▶ **Input data**:
────────────────────
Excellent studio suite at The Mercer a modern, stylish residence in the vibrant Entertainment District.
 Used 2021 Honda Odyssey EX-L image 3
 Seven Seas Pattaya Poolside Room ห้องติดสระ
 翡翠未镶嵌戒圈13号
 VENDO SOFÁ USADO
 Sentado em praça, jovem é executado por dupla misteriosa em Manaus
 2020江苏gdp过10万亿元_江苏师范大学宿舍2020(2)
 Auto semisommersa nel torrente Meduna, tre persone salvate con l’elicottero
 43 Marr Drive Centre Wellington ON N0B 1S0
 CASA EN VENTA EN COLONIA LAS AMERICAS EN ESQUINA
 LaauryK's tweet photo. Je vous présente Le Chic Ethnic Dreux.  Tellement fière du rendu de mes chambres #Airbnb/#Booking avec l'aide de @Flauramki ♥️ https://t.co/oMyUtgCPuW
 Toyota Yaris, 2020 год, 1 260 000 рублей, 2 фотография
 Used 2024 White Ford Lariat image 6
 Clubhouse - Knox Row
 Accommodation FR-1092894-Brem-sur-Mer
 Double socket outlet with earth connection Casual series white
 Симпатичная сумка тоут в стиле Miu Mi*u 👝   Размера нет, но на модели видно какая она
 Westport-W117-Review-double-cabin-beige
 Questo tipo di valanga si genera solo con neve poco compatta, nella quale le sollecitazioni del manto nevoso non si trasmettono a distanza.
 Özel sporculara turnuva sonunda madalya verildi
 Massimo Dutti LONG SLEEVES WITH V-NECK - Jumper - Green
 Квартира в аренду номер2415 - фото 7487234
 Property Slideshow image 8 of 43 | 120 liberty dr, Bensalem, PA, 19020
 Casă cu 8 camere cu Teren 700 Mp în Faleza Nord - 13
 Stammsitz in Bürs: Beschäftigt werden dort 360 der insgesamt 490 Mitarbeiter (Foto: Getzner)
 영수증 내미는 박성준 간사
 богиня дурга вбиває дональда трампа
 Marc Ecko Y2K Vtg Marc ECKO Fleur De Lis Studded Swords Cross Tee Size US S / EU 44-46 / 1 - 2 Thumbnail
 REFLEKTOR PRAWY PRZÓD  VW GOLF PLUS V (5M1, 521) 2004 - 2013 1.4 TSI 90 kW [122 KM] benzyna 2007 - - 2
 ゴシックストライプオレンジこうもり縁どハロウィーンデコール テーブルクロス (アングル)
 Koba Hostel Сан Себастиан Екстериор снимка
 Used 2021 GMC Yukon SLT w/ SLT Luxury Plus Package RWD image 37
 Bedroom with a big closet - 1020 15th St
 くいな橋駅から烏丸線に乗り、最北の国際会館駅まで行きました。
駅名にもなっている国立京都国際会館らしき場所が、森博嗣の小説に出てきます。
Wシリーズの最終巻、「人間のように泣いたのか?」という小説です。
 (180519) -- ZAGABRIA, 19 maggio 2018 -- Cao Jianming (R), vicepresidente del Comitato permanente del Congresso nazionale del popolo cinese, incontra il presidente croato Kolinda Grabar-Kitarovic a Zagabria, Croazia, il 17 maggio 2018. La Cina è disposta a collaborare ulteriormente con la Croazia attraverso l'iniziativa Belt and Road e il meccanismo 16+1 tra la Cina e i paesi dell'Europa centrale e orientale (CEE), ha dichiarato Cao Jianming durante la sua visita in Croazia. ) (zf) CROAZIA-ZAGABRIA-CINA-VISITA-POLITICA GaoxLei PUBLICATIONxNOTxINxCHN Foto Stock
────────────────────
▶ **Work order**: Everything starting at the line containing "Auto semisommersa nel" and ending at the line containing "Property Slideshow image" in the records above should be repeated exactly, and only that.

▶ **Answer to this task**:
 Auto semisommersa nel torrente Meduna, tre persone salvate con l’elicottero
 43 Marr Drive Centre Wellington ON N0B 1S0
 CASA EN VENTA EN COLONIA LAS AMERICAS EN ESQUINA
 LaauryK's tweet photo. Je vous présente Le Chic Ethnic Dreux.  Tellement fière du rendu de mes chambres #Airbnb/#Booking avec l'aide de @Flauramki ♥️ https://t.co/oMyUtgCPuW
 Toyota Yaris, 2020 год, 1 260 000 рублей, 2 фотография
 Used 2024 White Ford Lariat image 6
 Clubhouse - Knox Row
 Accommodation FR-1092894-Brem-sur-Mer
 Double socket outlet with earth connection Casual series white
 Симпатичная сумка тоут в стиле Miu Mi*u 👝   Размера нет, но на модели видно какая она
 Westport-W117-Review-double-cabin-beige
 Questo tipo di valanga si genera solo con neve poco compatta, nella quale le sollecitazioni del manto nevoso non si trasmettono a distanza.
 Özel sporculara turnuva sonunda madalya verildi
 Massimo Dutti LONG SLEEVES WITH V-NECK - Jumper - Green
 Квартира в аренду номер2415 - фото 7487234
 Property Slideshow image 8 of 43 | 120 liberty dr, Bensalem, PA, 19020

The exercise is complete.